Each one of the small die can be binned for yield, so when you're doing advanced packaging, you know that everything coming together is using known good die (KGD). Then it's a factor of the packaging yield process.
"Each one of the small die can be binned for yield, so when you're doing advanced packaging, you know that everything coming together is using known good die (KGD). "
may be they could/should bin the Big Banks into banklets?
The two big dies are using Foveros, so two large 'lower' dies with that patchwork of 'upper' dies above them, then EMIB underneath that to connect to the HBM stacks on the periphery and the link I/O tiles, as well as another EMIB bridge or two between the two Foveros stacks.
Can someone in layman’s terms describe a power on test and its purpose, as well as where it falls in the chip design process ? When the chip comes out of the fab, hasn’t it already been powered on? Just trying to understand. Thanks.
There's a variety of electrical testing (E-test) that goes on during production, but those are only smaller test circuits. The only way to know if the whole thing is going to work after packaging is to actually fire it up and see what happens.
from engineer with some rudimentary grasp of what happens in chips world, to be taken with a lot of salt. A chip is "tested" in the fab after manufacturing in terms of checking whether the "blueprint" that was supposed to be projected onto its portion of the wafer is correct. I think this is where the term yield comes from - what percentage of the wafer contains properly "projected" chips. However this chip is nothing but a collection of transistors and wires connecting them, and is, as such, an inanimate object.
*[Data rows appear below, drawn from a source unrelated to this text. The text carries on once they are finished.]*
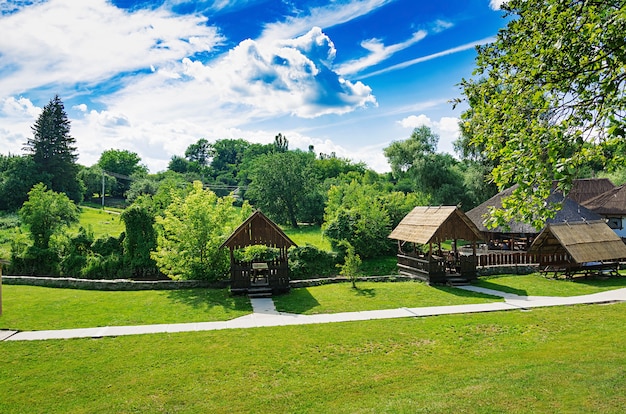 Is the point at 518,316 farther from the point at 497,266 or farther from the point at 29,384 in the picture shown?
the point at 29,384

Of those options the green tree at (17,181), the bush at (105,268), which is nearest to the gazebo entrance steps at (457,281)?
the bush at (105,268)

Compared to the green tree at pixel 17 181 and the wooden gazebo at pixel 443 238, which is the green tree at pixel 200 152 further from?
the wooden gazebo at pixel 443 238

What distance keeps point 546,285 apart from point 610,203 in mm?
23663

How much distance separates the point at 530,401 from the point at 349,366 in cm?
376

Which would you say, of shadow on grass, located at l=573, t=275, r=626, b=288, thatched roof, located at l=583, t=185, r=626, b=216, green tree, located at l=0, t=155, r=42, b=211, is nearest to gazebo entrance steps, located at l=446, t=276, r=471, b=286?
shadow on grass, located at l=573, t=275, r=626, b=288

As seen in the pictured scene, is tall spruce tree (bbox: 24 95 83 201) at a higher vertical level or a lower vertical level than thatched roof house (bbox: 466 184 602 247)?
higher

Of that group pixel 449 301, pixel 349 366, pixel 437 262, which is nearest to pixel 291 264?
pixel 437 262

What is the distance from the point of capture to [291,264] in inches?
1017

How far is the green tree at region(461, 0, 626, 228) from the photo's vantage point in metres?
6.40

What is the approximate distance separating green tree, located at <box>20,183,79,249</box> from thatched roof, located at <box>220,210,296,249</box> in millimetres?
14717

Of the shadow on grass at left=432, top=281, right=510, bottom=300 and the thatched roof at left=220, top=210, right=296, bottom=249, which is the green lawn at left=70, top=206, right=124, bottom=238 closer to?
the thatched roof at left=220, top=210, right=296, bottom=249

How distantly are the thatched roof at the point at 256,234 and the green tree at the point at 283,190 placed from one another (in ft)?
105

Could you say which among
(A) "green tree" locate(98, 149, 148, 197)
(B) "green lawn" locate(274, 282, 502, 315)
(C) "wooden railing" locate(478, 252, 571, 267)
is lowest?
(B) "green lawn" locate(274, 282, 502, 315)

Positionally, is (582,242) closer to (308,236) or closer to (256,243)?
(256,243) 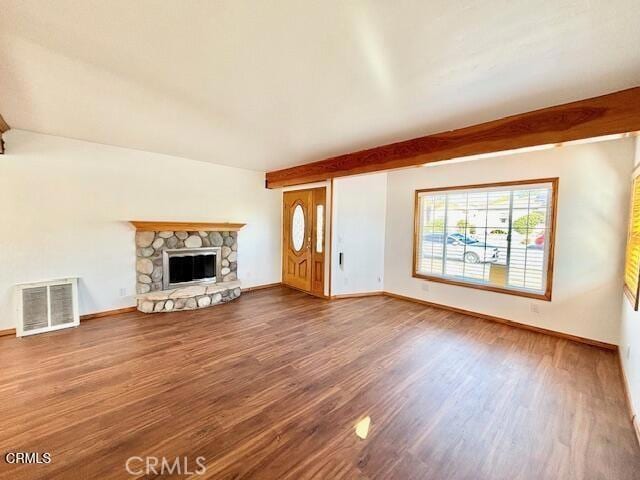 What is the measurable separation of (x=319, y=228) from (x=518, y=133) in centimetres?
348

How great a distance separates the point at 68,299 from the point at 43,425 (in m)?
2.32

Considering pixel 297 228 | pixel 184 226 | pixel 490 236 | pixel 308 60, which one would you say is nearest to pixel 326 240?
pixel 297 228

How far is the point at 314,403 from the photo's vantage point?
2092mm

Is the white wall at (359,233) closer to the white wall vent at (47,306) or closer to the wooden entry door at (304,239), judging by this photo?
the wooden entry door at (304,239)

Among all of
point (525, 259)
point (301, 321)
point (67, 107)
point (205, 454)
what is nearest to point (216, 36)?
point (67, 107)

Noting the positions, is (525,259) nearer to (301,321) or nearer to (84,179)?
(301,321)

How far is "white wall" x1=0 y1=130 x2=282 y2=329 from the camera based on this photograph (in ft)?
10.6

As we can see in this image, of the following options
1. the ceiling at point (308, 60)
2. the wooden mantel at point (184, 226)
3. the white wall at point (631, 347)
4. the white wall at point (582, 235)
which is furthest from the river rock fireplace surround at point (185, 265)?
the white wall at point (631, 347)

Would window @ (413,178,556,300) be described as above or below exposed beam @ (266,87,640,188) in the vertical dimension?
below

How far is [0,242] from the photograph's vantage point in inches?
124

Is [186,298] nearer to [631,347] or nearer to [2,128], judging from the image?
[2,128]

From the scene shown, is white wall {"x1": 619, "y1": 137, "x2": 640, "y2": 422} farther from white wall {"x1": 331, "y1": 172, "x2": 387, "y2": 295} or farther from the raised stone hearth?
the raised stone hearth

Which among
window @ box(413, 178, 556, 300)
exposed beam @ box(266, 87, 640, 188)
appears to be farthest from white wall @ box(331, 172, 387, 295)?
exposed beam @ box(266, 87, 640, 188)

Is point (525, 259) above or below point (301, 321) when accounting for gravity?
above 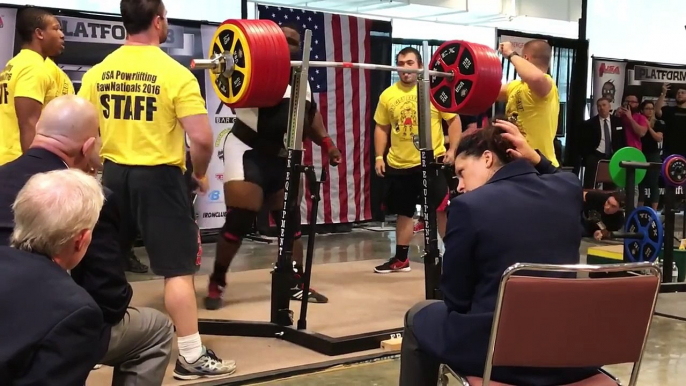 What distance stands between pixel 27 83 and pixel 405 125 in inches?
95.8

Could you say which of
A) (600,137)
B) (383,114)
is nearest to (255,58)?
(383,114)

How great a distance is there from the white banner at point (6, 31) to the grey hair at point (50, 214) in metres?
4.59

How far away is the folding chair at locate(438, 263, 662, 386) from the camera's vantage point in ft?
5.53

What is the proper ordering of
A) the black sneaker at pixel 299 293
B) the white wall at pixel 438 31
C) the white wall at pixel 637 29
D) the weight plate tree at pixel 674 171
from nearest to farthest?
the black sneaker at pixel 299 293
the weight plate tree at pixel 674 171
the white wall at pixel 438 31
the white wall at pixel 637 29

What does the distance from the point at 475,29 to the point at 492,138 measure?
7.24 m

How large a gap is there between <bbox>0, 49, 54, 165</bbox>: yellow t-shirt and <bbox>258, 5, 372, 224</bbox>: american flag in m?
3.16

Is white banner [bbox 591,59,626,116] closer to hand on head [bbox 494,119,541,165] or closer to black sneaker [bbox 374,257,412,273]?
black sneaker [bbox 374,257,412,273]

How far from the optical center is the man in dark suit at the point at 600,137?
27.7 feet

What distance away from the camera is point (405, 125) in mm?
5141

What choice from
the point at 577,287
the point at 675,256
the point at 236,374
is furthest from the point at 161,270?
the point at 675,256

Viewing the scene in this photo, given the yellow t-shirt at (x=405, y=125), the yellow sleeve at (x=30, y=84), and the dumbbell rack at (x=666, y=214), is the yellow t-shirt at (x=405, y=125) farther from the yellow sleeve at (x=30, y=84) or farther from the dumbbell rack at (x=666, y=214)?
the yellow sleeve at (x=30, y=84)

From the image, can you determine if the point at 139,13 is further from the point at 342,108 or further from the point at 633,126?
the point at 633,126

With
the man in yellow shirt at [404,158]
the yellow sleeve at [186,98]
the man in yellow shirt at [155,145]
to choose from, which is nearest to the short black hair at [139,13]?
the man in yellow shirt at [155,145]

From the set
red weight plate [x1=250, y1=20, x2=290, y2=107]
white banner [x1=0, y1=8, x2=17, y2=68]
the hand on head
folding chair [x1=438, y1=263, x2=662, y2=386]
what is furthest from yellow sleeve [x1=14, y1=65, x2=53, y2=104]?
folding chair [x1=438, y1=263, x2=662, y2=386] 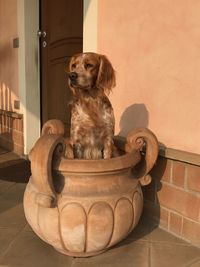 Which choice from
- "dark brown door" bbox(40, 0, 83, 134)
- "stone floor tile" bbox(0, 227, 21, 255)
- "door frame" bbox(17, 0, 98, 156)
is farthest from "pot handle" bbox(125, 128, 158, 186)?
"door frame" bbox(17, 0, 98, 156)

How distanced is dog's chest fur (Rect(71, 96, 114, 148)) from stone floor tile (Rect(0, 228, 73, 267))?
72 cm

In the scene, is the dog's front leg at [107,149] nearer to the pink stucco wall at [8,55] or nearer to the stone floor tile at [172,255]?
the stone floor tile at [172,255]

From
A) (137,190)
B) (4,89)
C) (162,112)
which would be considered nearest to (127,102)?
(162,112)

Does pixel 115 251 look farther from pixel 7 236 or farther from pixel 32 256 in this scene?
pixel 7 236

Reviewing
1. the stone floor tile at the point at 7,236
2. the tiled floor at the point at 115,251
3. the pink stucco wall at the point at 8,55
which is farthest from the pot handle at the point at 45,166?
the pink stucco wall at the point at 8,55

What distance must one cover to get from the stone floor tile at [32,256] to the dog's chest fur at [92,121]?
0.72m

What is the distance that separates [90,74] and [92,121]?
11.4 inches

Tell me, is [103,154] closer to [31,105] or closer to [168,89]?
[168,89]

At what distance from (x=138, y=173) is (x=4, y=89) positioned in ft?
11.0

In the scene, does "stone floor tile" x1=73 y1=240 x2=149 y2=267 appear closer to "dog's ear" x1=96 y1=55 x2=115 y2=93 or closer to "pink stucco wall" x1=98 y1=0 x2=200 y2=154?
"pink stucco wall" x1=98 y1=0 x2=200 y2=154

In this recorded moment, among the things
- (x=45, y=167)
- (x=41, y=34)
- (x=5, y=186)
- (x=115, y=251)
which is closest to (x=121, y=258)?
(x=115, y=251)

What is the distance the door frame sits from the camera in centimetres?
431

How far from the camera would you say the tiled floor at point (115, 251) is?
2.04 metres

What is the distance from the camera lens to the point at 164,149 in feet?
7.79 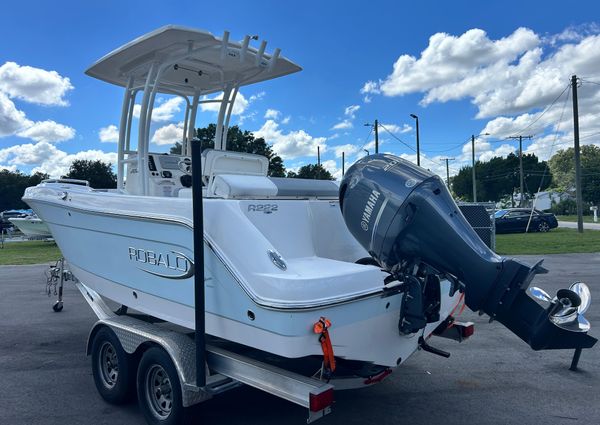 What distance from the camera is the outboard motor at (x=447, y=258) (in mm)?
2898

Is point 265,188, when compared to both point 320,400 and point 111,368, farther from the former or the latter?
point 111,368

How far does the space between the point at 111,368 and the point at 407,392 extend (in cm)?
268

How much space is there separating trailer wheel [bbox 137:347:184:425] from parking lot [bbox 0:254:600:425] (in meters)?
0.17

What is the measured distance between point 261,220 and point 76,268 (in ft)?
8.83

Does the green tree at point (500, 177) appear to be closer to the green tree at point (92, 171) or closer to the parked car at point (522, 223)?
the parked car at point (522, 223)

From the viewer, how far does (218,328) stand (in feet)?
10.3

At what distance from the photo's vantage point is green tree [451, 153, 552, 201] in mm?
75125

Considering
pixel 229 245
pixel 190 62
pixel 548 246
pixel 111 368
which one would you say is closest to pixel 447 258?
pixel 229 245

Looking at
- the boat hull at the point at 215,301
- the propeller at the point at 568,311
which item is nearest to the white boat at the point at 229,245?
the boat hull at the point at 215,301

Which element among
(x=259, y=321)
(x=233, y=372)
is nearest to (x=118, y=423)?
(x=233, y=372)

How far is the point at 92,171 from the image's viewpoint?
35688 millimetres

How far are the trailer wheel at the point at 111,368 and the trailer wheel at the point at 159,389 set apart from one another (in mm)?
284

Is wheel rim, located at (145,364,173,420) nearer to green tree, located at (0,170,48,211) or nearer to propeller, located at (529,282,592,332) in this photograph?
propeller, located at (529,282,592,332)

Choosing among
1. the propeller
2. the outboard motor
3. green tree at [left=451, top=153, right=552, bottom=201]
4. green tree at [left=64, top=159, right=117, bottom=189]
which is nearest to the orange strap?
the outboard motor
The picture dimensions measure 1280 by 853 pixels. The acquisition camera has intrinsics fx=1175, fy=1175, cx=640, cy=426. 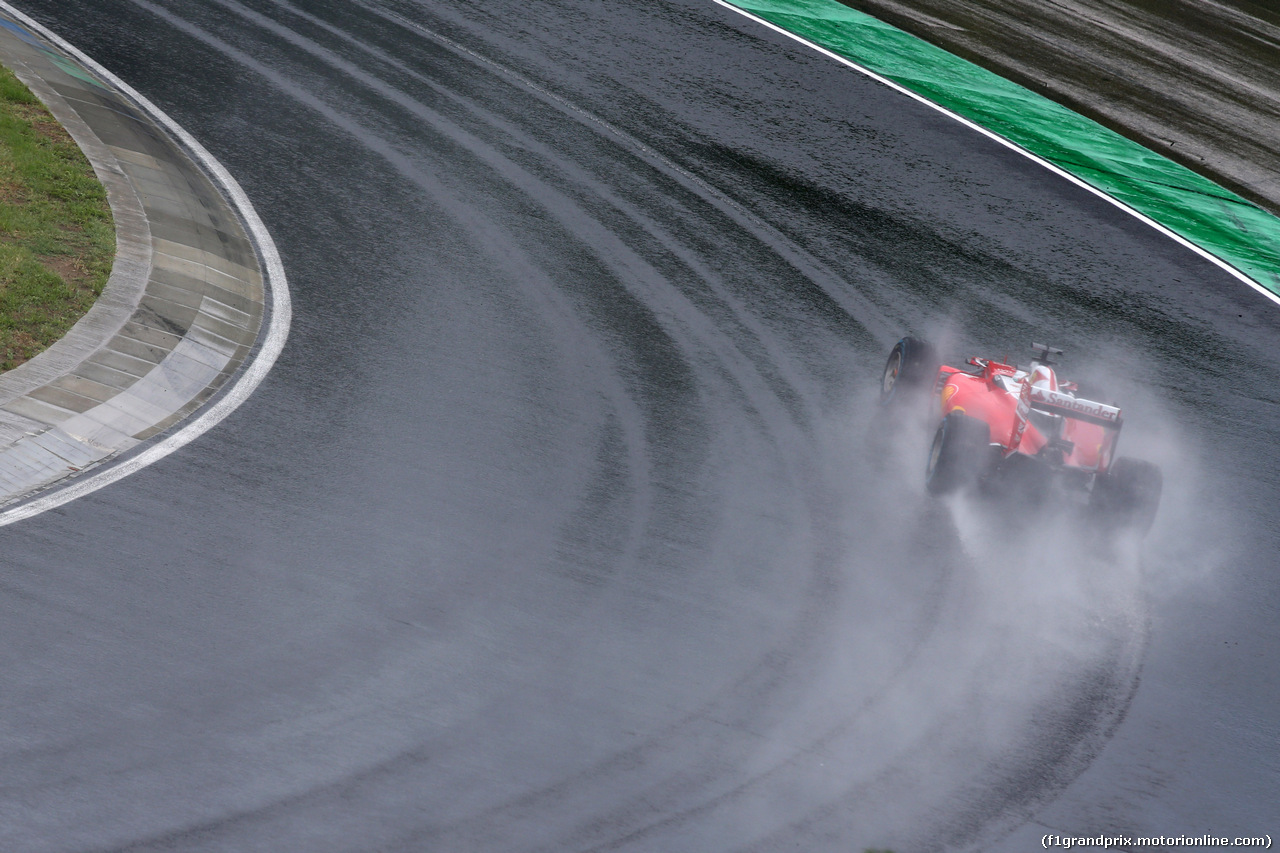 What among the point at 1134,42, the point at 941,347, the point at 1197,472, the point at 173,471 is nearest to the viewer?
the point at 173,471

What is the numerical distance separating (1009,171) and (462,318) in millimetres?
8106

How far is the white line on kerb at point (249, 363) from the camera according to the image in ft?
23.5

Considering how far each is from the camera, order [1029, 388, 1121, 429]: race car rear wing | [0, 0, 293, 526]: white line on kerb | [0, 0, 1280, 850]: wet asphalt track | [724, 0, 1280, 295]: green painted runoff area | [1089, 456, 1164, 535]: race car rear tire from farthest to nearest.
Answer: [724, 0, 1280, 295]: green painted runoff area
[1029, 388, 1121, 429]: race car rear wing
[1089, 456, 1164, 535]: race car rear tire
[0, 0, 293, 526]: white line on kerb
[0, 0, 1280, 850]: wet asphalt track

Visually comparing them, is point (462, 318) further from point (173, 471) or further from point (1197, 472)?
point (1197, 472)

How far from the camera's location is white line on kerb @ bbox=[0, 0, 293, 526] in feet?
23.5

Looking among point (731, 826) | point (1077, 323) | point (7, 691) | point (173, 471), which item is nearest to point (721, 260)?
point (1077, 323)

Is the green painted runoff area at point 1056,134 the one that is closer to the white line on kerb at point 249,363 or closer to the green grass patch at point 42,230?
the white line on kerb at point 249,363

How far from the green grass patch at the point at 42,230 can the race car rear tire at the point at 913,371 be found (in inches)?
250

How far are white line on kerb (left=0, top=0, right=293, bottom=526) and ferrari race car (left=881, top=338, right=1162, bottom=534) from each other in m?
5.09

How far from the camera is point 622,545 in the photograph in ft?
25.0

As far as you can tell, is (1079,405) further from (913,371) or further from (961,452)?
(913,371)

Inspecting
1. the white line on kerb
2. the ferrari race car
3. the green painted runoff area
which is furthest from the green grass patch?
the green painted runoff area

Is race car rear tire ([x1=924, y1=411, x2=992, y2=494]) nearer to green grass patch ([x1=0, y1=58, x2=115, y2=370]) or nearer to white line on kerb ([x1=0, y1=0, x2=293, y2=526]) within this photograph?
white line on kerb ([x1=0, y1=0, x2=293, y2=526])

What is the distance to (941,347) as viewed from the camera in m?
10.9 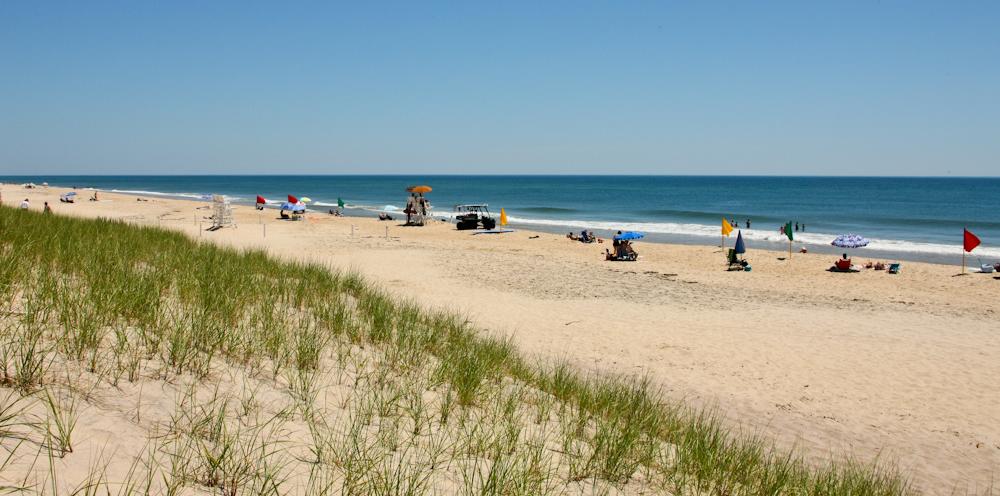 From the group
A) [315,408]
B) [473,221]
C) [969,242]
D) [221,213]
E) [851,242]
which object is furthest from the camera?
[473,221]

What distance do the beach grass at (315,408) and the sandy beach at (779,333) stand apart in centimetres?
176

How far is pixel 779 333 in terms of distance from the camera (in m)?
11.7

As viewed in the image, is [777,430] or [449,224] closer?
[777,430]

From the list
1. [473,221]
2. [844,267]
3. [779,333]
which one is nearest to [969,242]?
[844,267]

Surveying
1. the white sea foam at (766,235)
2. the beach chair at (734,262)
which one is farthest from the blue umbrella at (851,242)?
the beach chair at (734,262)

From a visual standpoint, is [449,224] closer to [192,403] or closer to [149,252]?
[149,252]

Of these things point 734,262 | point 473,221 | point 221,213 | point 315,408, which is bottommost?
point 734,262

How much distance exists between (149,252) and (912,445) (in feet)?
32.6

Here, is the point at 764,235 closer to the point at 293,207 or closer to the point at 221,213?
the point at 293,207

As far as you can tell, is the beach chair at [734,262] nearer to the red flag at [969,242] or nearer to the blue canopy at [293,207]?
the red flag at [969,242]

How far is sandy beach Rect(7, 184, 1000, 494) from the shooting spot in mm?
7238

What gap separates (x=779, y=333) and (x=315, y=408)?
33.4 ft

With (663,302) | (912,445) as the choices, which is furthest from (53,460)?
(663,302)

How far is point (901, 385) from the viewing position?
29.0 ft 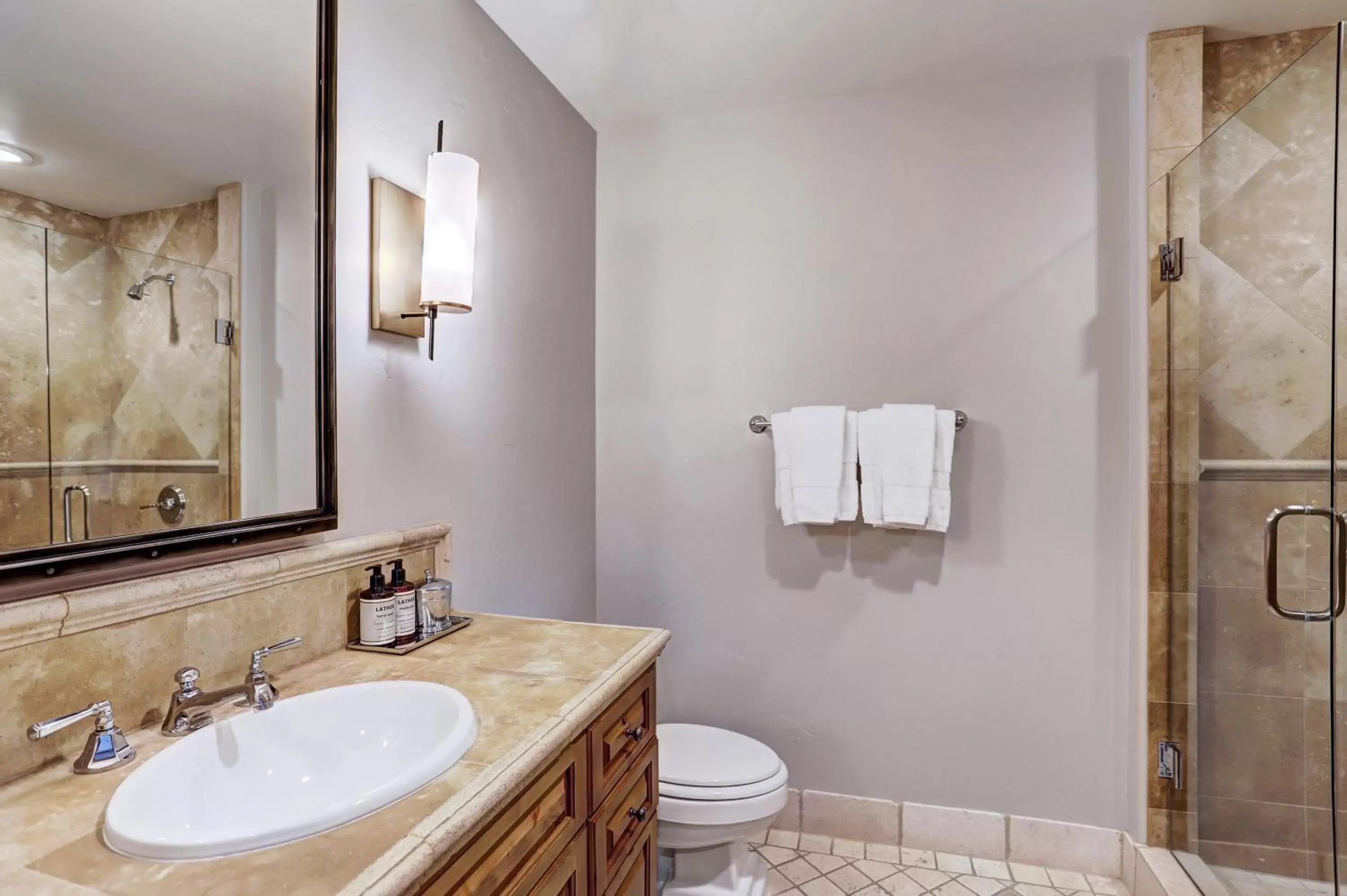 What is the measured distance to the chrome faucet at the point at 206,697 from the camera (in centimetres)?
92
In order to do some meaningful work it needs to be able to interact with the rest of the world which it does over HW lines or programming registers, essentially its inputs and outputs. It also needs power to do all these things. It is the task of the packaging of the chip (assembly step in the process) to wrap around the chip an environment that will make chip useable. In case of Ponte Vecchio seems that not one but many chips are being integrated into one package likely with high-speed interconnects. Likely these chips are manufactured in different fabs (including external) so they would need to be shipped to a central location (likely an Intel fab) to integrate them into a package. As a result you get a piece of hardware ready to be plugged in somewhere and tested. Testing usually happens in an R&D center (California?) after the GPU has been assembled. What I believe they refer to as power on test is the very first sanity test where the chip is provided with input power and some(many) checks are performed to validate that components are operating properly. Once this power-on test is done they would likely proceed to do simple generic tests (feeding very simple sequences into the GPU and checking output) and then slowly work towards (much) more complex use-cases. Hope you get something out of this.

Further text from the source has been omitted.